Whenever the word "with" turns up in a line of the data below, copy that line.

MATERIAL FOR THIS EXERCISE below:

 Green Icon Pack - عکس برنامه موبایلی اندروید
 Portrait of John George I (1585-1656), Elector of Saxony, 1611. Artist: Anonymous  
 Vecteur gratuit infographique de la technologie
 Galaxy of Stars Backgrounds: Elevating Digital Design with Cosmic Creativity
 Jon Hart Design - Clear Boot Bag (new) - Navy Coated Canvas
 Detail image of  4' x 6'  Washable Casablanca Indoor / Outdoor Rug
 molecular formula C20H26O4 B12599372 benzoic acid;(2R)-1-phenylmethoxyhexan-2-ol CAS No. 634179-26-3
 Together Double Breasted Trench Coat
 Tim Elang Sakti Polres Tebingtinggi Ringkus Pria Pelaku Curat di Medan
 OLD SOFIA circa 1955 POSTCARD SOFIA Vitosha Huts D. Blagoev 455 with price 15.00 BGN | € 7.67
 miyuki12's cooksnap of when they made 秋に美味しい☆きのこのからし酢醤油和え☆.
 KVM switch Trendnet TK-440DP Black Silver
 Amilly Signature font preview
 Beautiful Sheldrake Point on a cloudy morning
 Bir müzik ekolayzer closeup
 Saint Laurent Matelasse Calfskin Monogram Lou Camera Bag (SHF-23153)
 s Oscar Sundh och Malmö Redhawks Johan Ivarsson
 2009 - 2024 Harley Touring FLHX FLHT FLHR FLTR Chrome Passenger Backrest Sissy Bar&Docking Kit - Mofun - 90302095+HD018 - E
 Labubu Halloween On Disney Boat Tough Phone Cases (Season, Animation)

End of MATERIAL FOR THIS EXERCISE.

▶ **THE ANSWER**:
 Galaxy of Stars Backgrounds: Elevating Digital Design with Cosmic Creativity
 OLD SOFIA circa 1955 POSTCARD SOFIA Vitosha Huts D. Blagoev 455 with price 15.00 BGN | € 7.67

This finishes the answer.